### Source records
━━━━━━━━━━━━━━━━━━━━━━━━━━━━━━
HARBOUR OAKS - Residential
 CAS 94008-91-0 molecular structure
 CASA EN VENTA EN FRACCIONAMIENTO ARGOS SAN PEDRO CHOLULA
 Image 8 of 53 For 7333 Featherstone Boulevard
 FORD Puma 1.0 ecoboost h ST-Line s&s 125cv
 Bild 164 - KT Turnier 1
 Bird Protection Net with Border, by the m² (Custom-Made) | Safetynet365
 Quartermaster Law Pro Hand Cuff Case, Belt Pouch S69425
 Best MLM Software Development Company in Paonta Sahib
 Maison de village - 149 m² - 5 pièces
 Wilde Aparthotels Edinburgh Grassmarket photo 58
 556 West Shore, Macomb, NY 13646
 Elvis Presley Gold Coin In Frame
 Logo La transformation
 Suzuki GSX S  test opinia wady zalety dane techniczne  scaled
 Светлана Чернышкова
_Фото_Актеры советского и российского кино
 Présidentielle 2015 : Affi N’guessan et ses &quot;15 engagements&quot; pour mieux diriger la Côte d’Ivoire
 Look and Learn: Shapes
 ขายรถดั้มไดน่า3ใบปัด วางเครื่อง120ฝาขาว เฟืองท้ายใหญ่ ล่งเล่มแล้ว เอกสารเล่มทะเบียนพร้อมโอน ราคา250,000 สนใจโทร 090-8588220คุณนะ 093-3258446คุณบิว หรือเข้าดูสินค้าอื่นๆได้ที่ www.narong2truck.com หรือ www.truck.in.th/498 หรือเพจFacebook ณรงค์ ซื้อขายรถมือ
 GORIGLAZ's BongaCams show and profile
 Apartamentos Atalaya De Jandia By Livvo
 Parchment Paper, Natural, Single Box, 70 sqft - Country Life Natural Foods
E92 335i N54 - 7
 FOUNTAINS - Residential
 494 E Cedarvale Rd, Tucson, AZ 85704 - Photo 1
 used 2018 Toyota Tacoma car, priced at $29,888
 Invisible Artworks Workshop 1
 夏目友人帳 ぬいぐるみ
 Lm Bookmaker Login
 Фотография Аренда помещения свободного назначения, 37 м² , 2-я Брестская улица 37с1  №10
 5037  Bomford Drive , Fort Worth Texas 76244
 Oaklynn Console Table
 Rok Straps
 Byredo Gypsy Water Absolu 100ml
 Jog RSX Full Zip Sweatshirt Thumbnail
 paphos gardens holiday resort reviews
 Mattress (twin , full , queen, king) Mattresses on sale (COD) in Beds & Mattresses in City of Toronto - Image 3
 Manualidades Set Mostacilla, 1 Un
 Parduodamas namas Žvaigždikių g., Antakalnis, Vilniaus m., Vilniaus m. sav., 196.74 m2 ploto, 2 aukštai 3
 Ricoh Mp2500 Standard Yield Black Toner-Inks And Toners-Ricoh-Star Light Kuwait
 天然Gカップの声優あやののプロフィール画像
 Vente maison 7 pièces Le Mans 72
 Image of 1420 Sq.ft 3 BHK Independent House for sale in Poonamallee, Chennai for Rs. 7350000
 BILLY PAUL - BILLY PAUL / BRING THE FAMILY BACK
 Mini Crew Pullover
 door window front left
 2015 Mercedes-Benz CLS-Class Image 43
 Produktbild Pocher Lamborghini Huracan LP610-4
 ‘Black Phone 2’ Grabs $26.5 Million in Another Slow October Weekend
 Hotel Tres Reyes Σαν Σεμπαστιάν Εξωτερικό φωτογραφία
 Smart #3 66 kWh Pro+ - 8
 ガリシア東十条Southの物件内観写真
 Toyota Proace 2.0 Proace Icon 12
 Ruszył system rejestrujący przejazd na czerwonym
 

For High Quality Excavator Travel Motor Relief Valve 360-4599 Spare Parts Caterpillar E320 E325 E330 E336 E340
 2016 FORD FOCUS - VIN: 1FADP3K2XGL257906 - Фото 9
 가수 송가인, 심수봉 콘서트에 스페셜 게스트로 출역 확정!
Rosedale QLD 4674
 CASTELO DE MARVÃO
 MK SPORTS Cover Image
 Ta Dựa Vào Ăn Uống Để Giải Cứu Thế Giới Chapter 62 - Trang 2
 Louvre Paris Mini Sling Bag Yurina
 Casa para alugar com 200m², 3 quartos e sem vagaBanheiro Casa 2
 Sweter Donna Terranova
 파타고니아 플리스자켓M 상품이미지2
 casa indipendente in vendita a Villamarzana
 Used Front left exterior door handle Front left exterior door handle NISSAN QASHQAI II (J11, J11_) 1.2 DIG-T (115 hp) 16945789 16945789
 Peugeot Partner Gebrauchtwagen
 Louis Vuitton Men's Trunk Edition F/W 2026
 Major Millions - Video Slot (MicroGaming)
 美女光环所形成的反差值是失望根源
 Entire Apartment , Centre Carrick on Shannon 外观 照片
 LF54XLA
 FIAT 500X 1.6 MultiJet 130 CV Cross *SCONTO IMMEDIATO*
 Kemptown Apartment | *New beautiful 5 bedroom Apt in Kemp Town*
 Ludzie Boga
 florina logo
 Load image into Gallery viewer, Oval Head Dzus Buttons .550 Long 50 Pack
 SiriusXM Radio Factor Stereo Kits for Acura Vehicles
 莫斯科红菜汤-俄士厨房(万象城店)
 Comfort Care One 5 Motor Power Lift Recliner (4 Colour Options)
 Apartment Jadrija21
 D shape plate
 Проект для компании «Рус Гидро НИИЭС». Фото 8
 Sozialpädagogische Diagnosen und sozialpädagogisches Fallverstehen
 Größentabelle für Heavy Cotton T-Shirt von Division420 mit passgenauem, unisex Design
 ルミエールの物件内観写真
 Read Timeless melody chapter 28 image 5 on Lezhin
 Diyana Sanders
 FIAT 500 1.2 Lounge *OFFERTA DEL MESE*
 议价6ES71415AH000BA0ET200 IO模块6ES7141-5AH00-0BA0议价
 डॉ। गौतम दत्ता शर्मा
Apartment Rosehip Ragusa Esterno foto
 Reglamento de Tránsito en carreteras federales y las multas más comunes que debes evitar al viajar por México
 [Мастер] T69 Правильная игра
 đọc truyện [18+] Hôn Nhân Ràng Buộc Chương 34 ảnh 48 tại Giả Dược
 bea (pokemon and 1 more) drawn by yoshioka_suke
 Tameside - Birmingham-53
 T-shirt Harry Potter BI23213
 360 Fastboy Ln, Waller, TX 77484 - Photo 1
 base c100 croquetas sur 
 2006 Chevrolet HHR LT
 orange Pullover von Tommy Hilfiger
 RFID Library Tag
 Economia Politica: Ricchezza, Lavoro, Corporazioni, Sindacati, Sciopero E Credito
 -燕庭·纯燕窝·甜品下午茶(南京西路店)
━━━━━━━━━━━━━━━━━━━━━━━━━━━━━━
### TASK TO CARRY OUT
From the line that contains "Sweter Donna Terranova" to the last line of the data, write out each line exactly and add nothing.

### TASK RESPONSE
 Sweter Donna Terranova
 파타고니아 플리스자켓M 상품이미지2
 casa indipendente in vendita a Villamarzana
 Used Front left exterior door handle Front left exterior door handle NISSAN QASHQAI II (J11, J11_) 1.2 DIG-T (115 hp) 16945789 16945789
 Peugeot Partner Gebrauchtwagen
 Louis Vuitton Men's Trunk Edition F/W 2026
 Major Millions - Video Slot (MicroGaming)
 美女光环所形成的反差值是失望根源
 Entire Apartment , Centre Carrick on Shannon 外观 照片
 LF54XLA
 FIAT 500X 1.6 MultiJet 130 CV Cross *SCONTO IMMEDIATO*
 Kemptown Apartment | *New beautiful 5 bedroom Apt in Kemp Town*
 Ludzie Boga
 florina logo
 Load image into Gallery viewer, Oval Head Dzus Buttons .550 Long 50 Pack
 SiriusXM Radio Factor Stereo Kits for Acura Vehicles
 莫斯科红菜汤-俄士厨房(万象城店)
 Comfort Care One 5 Motor Power Lift Recliner (4 Colour Options)
 Apartment Jadrija21
 D shape plate
 Проект для компании «Рус Гидро НИИЭС». Фото 8
 Sozialpädagogische Diagnosen und sozialpädagogisches Fallverstehen
 Größentabelle für Heavy Cotton T-Shirt von Division420 mit passgenauem, unisex Design
 ルミエールの物件内観写真
 Read Timeless melody chapter 28 image 5 on Lezhin
 Diyana Sanders
 FIAT 500 1.2 Lounge *OFFERTA DEL MESE*
 议价6ES71415AH000BA0ET200 IO模块6ES7141-5AH00-0BA0议价
 डॉ। गौतम दत्ता शर्मा
Apartment Rosehip Ragusa Esterno foto
 Reglamento de Tránsito en carreteras federales y las multas más comunes que debes evitar al viajar por México
 [Мастер] T69 Правильная игра
 đọc truyện [18+] Hôn Nhân Ràng Buộc Chương 34 ảnh 48 tại Giả Dược
 bea (pokemon and 1 more) drawn by yoshioka_suke
 Tameside - Birmingham-53
 T-shirt Harry Potter BI23213
 360 Fastboy Ln, Waller, TX 77484 - Photo 1
 base c100 croquetas sur 
 2006 Chevrolet HHR LT
 orange Pullover von Tommy Hilfiger
 RFID Library Tag
 Economia Politica: Ricchezza, Lavoro, Corporazioni, Sindacati, Sciopero E Credito
 -燕庭·纯燕窝·甜品下午茶(南京西路店)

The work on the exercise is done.